I don’t do poetry.
There’s a famous definition of poetry – Professor Bergonzi’s definition – that says that if the words go to the end of the line, it’s prose; if they don’t, it’s poetry. This must be hard-wired into my brain because even if a few lines of a poem are quoted in a novel, my eyes skip those lines and jump straight to the nearest available bit of prose.
Shocking admission for an English graduate, but there you go. And hence I was a bit surprised this morning when a few fragments of a poem drifted unbidden into my head. Not any old poem either – a really rather difficult one.
I remember studying it at university and I really wonder if I understood it then as well as I think I do now. It seems to capture perfectly the peculiar depths of midwinter gloom. It also sums up how I’ve been feeling for the last few weeks. Hey, maybe John Donne merely suffered from SAD and needed some UV therapy…
So here we go. If you have a problem with poetry too, you are not alone. But read the first stanza at least. “The world’s whole sap is sunk / The general balm th’hydroptic earth hath drunk” is a fantastic bit of writing.
Nocturnal Upon St Lucy’s Day
being the shortest day
by John Donne
‘Tis the year’s midnight, and it is the day’s,
Lucy’s, who scarce seven hours herself unmasks;
The sun is spent, and now his flasks
Send forth light squibs, no constant rays;
The world’s whole sap is sunk;
The general balm th’hydroptic earth hath drunk,
Whither, as to the bed’s-feet, life is shrunk,
Dead and interr’d; yet all these seem to laugh,
Compared with me, who am their epitaph.
Study me then, you who shall lovers be
At the next world, that is, at the next spring;
For I am every dead thing,
In whom Love wrought new alchemy.
For his art did express
A quintessence even from nothingness,
From dull privations, and lean emptiness;
He ruin’d me, and I am re-begot
Of absence, darkness, death – things which are not.

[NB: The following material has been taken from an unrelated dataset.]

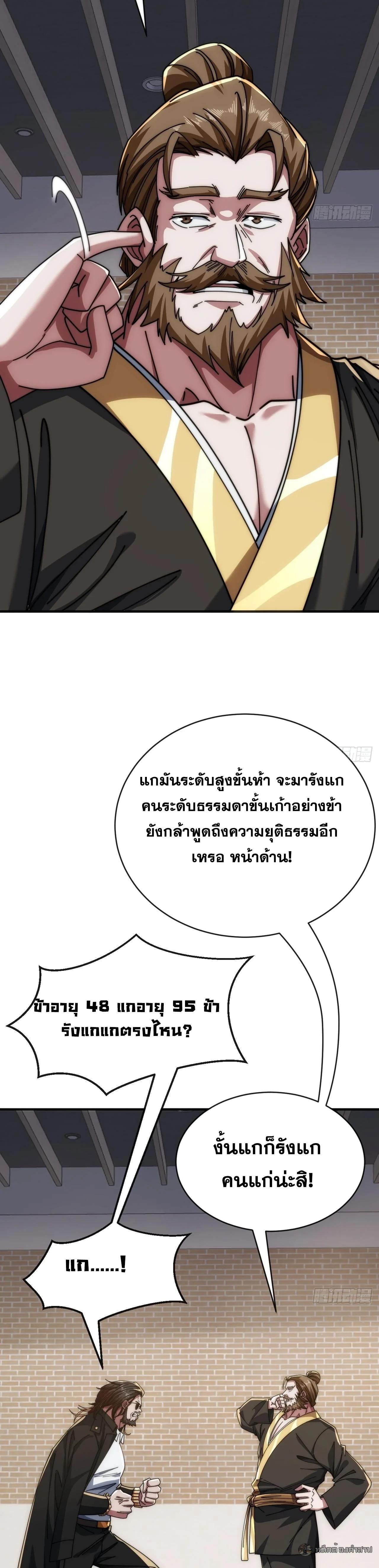 Manga-lc-com อ่านมังงะ อ่านการ์ตูน ออนไลน์ ฟรี Infinite Evolution From Zero ตอนที่ 1 2 3 4 5 6 7 8 9 10 11 12 13 14 ฟรี ไม่มีโฆษณา Manga-lc - อ่าน มังงะ อ่าน การ์ตูน ออนไลน์ อ่านมังงะ ฟรี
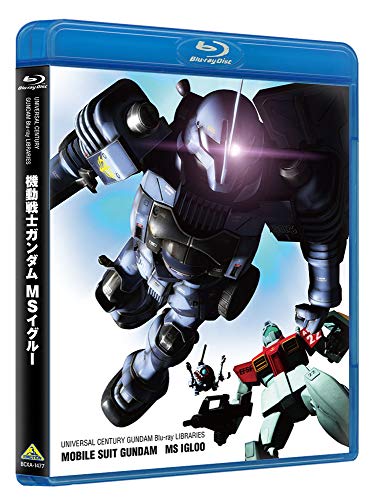 Animation - Mobile Suit Gundam MS Igloo (Subtitles: English, Chinese) / U.C.Gundam Blu-ray Library Series - Japan Blu-ray Disc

All others, from all things, draw all that’s good,
Life, soul, form, spirit, whence they being have;
I, by Love’s limbec, am the grave
Of all, that’s nothing. Oft a flood
Have we two wept, and so
Drown’d the whole world, us two; oft did we grow,
To be two chaoses, when we did show
Care to aught else; and often absences
Withdrew our souls, and made us carcasses.
But I am by her death – which word wrongs her -
Of the first nothing the elixir grown;
Were I a man, that I were one
I needs must know; I should prefer,
If I were any beast,
Some ends, some means; yea plants, yea stones detest,
And love; all, all some properties invest.
If I an ordinary nothing were,
As shadow, a light, and body must be here.
But I am none; nor will my sun renew.
You lovers, for whose sake the lesser sun
At this time to the Goat is run
To fetch new lust, and give it you,
Enjoy your summer all,
Since she enjoys her long night’s festival.
Let me prepare towards her, and let me call
This hour her vigil, and her eve, since this
Both the year’s and the day’s deep midnight is.